Set down all of the data exactly. Pictures stay out of the copy.
** GIVEN DATA follows **
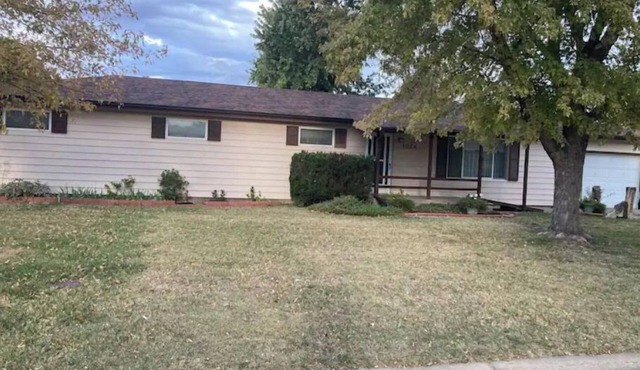 Cozy 3-bedroom 2 bathroom house in Russell
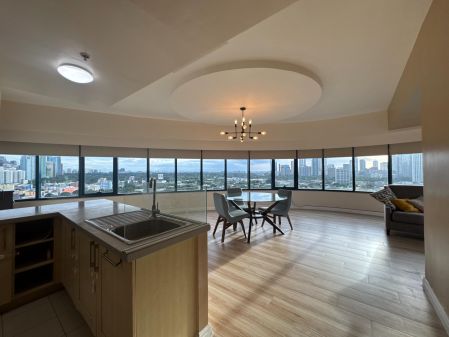 3BR Corner Unit with Panoramic Views at One Rockwell West Tower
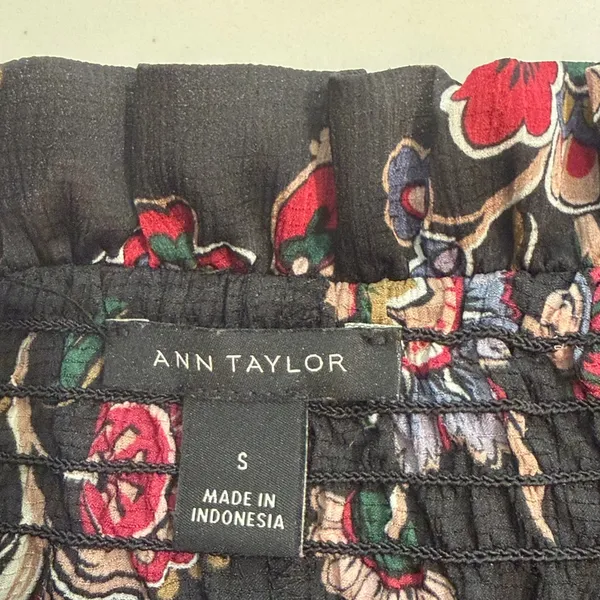 Ann Taylor long sleeve black with floral design blouse - Image 3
** End of GIVEN DATA **
● **TASK ANSWER**
 Cozy 3-bedroom 2 bathroom house in Russell
 3BR Corner Unit with Panoramic Views at One Rockwell West Tower
 Ann Taylor long sleeve black with floral design blouse - Image 3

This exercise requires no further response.